§ **DIRECTIONS FOR THIS TASK**
If pictures appear in the lines below, skip them and copy exactly the lines from the one containing "Cadita compozit pentru" through the one containing "Deus andando no", and nothing else.

Short web captions:
================
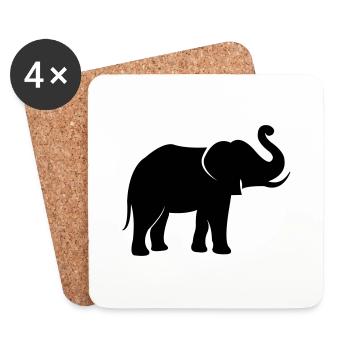elefant_002 - Dessous de verre (lot de 4) - blanc - Devant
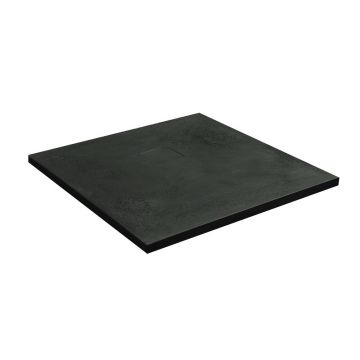 Cadita compozit pentru dus Inter Ceramic patrata 90x90 cm finisaj piatra-negru mat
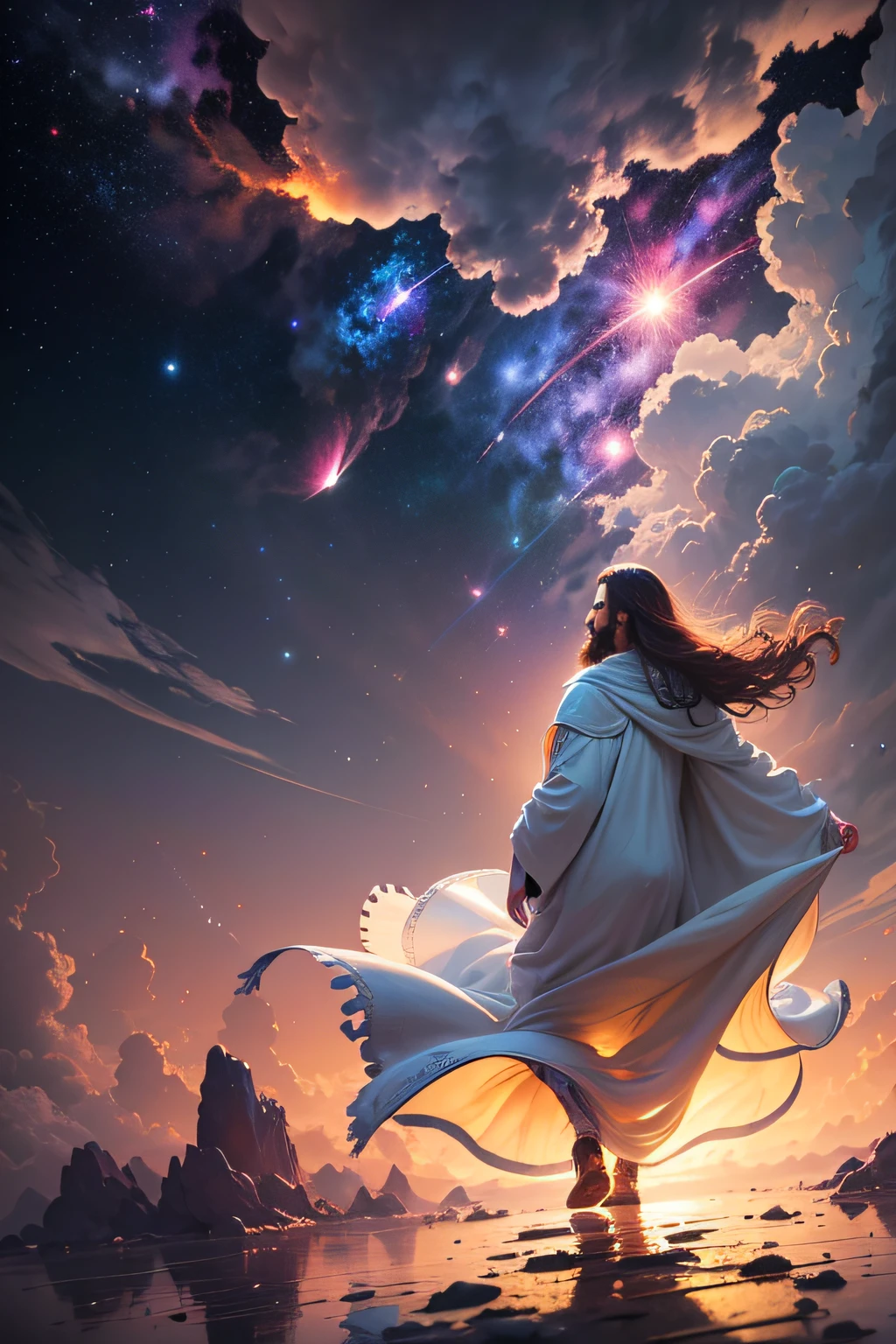 Deus andando no deserto,  BIG HEART blue eyes, 8k, Pessoas ao seu redor, mirage in the background DAVID OF THE BIBLE RED HAIR Jesus walking on water in the middle of a storm, obra-prima, melhor qualidade, alta qualidade, papel de parede 8k de unidade CG extremamente detalhado, fotografia premiada, Bokeh, Depth of Field, HDR, bloom, chromatic aberration, fotorrealista, extremamente detalhado, trending on ArtStation, trend at CGSociety, intrincado, alto detalhe, dramatic, arte no meio da jornada, volumetric illumination jesus floating in the air on top of clouds with a light shining brightly on his face Jesus Christ, o centro do universo, He is tall and resolute., Looking at the galaxy with outstretched arms. As estrelas e planetas giram em torno dele, orbitando em perfeita harmonia. His robes flow in the cosmic wind, as if he were the embodiment of the universe itself. The scene takes place in deep space, with nebulae and galaxies in the background. The atmosphere is serene and peaceful, as if all creation were at peace in his presence. Artwork, A digital illustration with intricate details and vibrant colors. 16k ultra-detalhado --ar 3:2 --v 4 --q 2
 INFO (galaxy creator + Having predestined us for children adopted by Jesus Christ, para si mesmo, according to the good pleasure of his will, 8k, foto RAW, melhor qualidade, obra-prima: 1.5, ultra high-resolution, fotorrealista: 1.5, cinematiclight, smooth volumetric lighting: 1.5, realista, fotorrealista: 1, pele detalhada, profesional lighting, fotografia, foco nítido, detalhado, profesional lighting, photon maping, ambiente detalhado e intrincado, altamente detalhado, melhor qualidade, artsy photography, arte conceitual fotorrealista, volumetric natural soft perfect cinematic light, MIDJOURNEYos:1.2), (Planeta Terra:0.8)) com o mundo na palma das maos --auto --s2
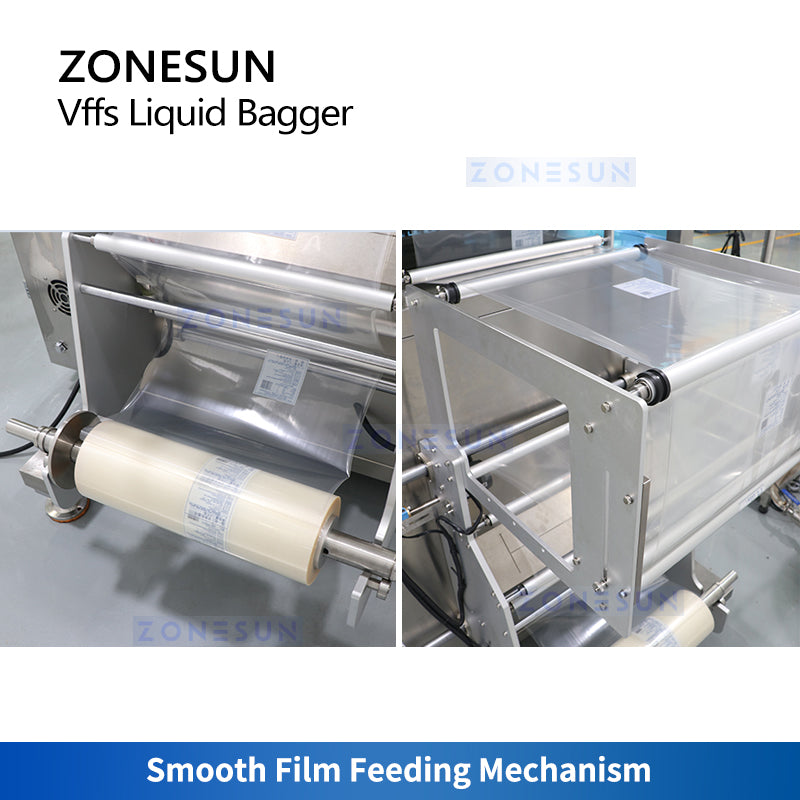 ZONESUN VFFS Liquid Bagger Monoblock Salsa picante Vinagre Condimentos Jarabes Sachet Máquina de llenado y sellado ZS-FSMP8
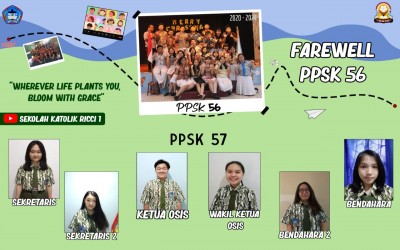 SMA KATOLIK RICCI 1 JAKARTA LANTIK KETUA  DAN PENGURUS OSIS BARU SECARA DARING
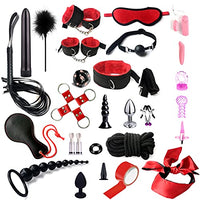28pcs Bed Restraint Sex Bondage for Adult Couple Sex Cuff Tied Down Arm and Leg Chain with Handcuff Bondage Adult Kit BDSM Restraints Bondage Adult Kit Sex Restraintants Set for Women SM Toys (7) (10)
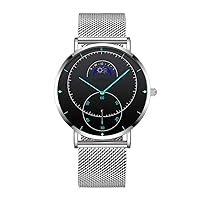 Luxury Men's Watch, Waterproof Chronograph Luminous Creative Mens Watch Star Moon Design, Silver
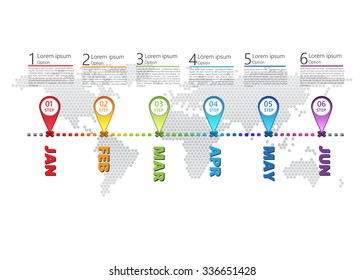 Colorful Pin Maps With Number and Information Text on Dotted World Map Background, 6 Options, Timeline/Workflow/Element Layout Design, Vector Illustration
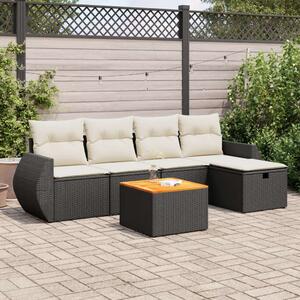 VidaXL Polyrattan Kerti Ülőgarnitúra - 6 részes - Fekete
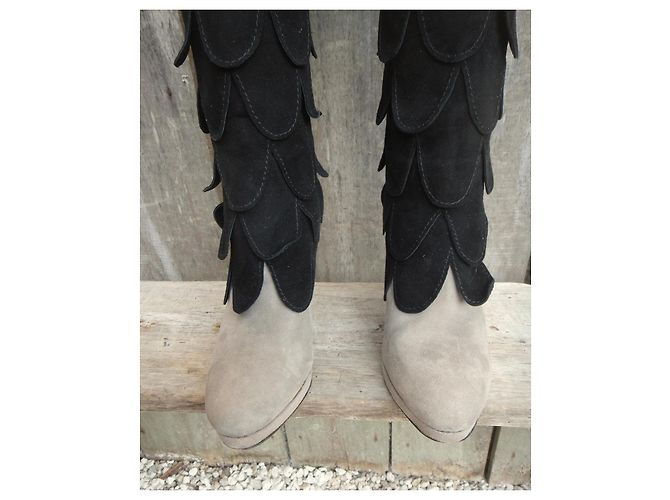 Autre Marque Sergio Rossi Wildlederstiefel Schwarz Grau - Ansicht 3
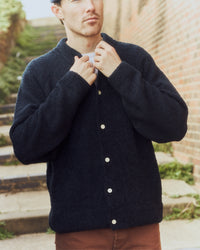 Edwin Gemini Cardigan - Navy Garment Washed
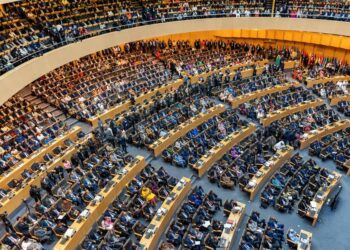 Foto tirada em 14 de fevereiro de 2026 mostra um momento da 39ª edição da Sessão Ordinária da Assembleia de Chefes de Estado e de Governo da União Africana (UA) em Adis Abeba, Etiópia. (Xinhua/Xie Jianfei)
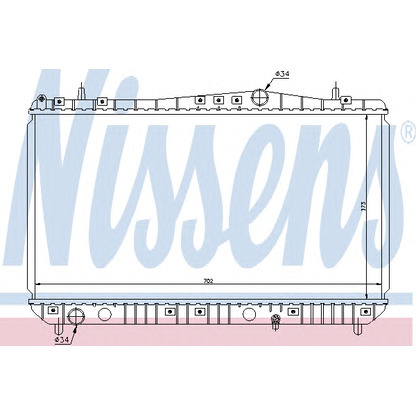 Photo Radiator, engine cooling NISSENS 61664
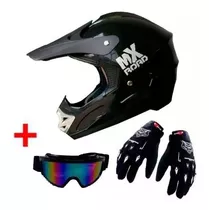 Casco Motocross H5 Mx Road + Antiparras + Guantes Fas Motos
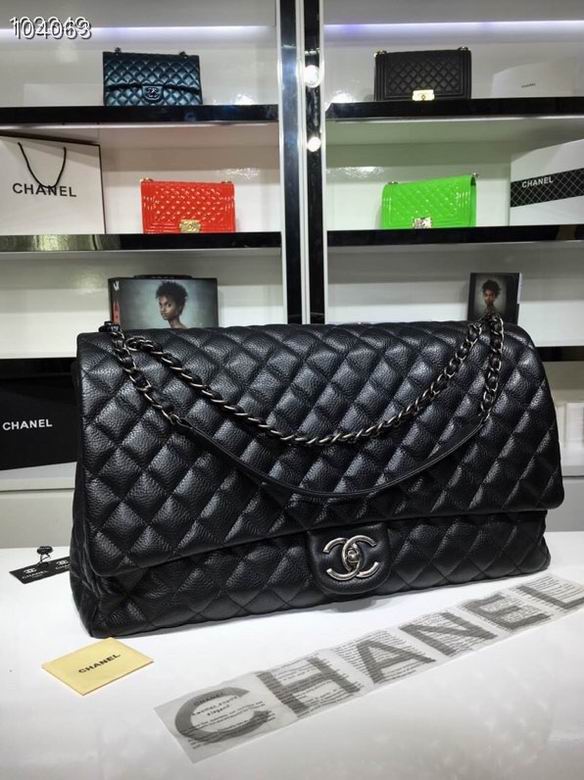Chanel XXL Travel Flap Bag in Black Quilted Grained Leather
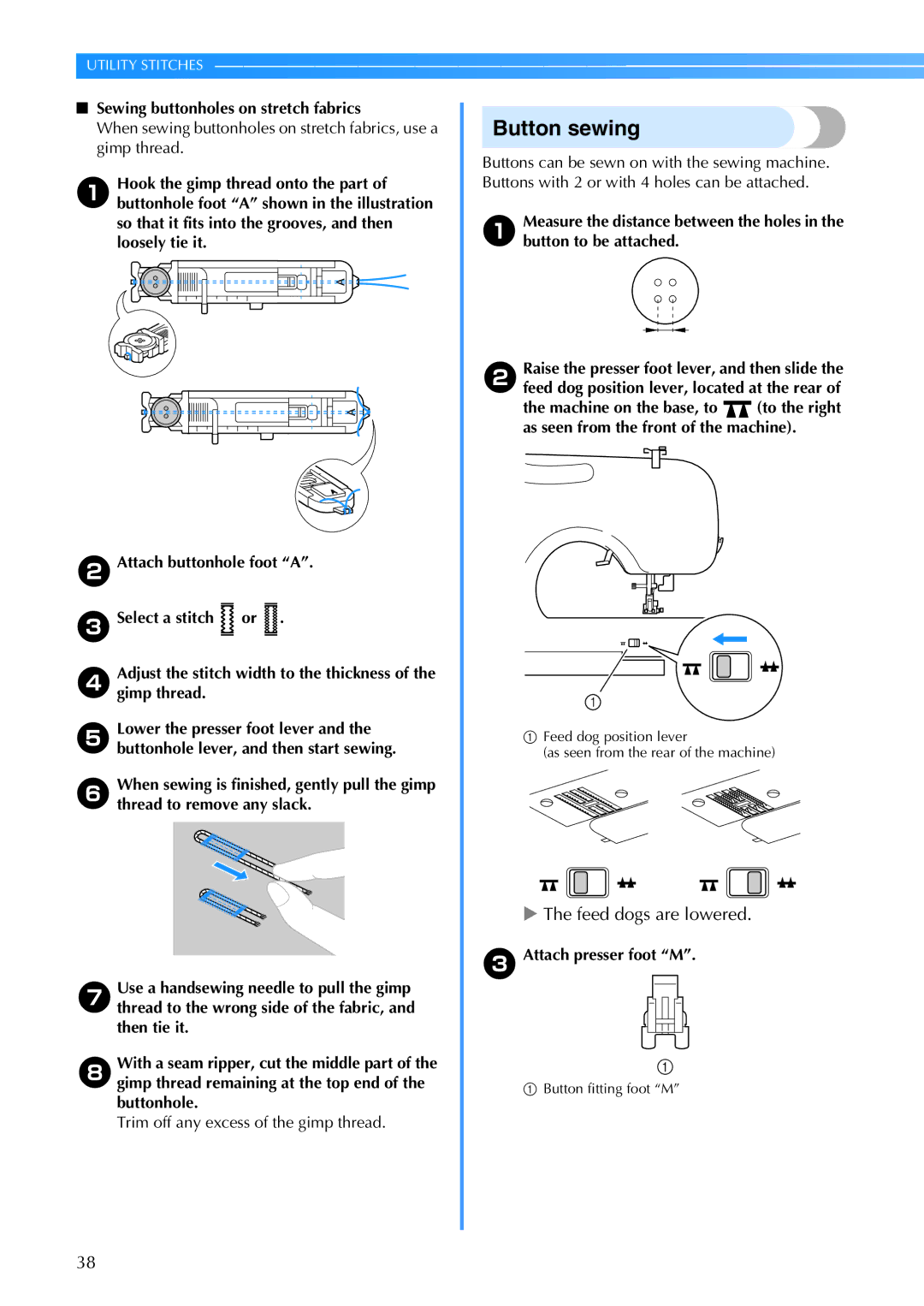 Brother CE 500PRW operation manual Button sewing, Sewing buttonholes on stretch fabrics, CAttach presser foot M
================
§ **TASK ANSWER**
 Cadita compozit pentru dus Inter Ceramic patrata 90x90 cm finisaj piatra-negru mat
 Deus andando no deserto,  BIG HEART blue eyes, 8k, Pessoas ao seu redor, mirage in the background DAVID OF THE BIBLE RED HAIR Jesus walking on water in the middle of a storm, obra-prima, melhor qualidade, alta qualidade, papel de parede 8k de unidade CG extremamente detalhado, fotografia premiada, Bokeh, Depth of Field, HDR, bloom, chromatic aberration, fotorrealista, extremamente detalhado, trending on ArtStation, trend at CGSociety, intrincado, alto detalhe, dramatic, arte no meio da jornada, volumetric illumination jesus floating in the air on top of clouds with a light shining brightly on his face Jesus Christ, o centro do universo, He is tall and resolute., Looking at the galaxy with outstretched arms. As estrelas e planetas giram em torno dele, orbitando em perfeita harmonia. His robes flow in the cosmic wind, as if he were the embodiment of the universe itself. The scene takes place in deep space, with nebulae and galaxies in the background. The atmosphere is serene and peaceful, as if all creation were at peace in his presence. Artwork, A digital illustration with intricate details and vibrant colors. 16k ultra-detalhado --ar 3:2 --v 4 --q 2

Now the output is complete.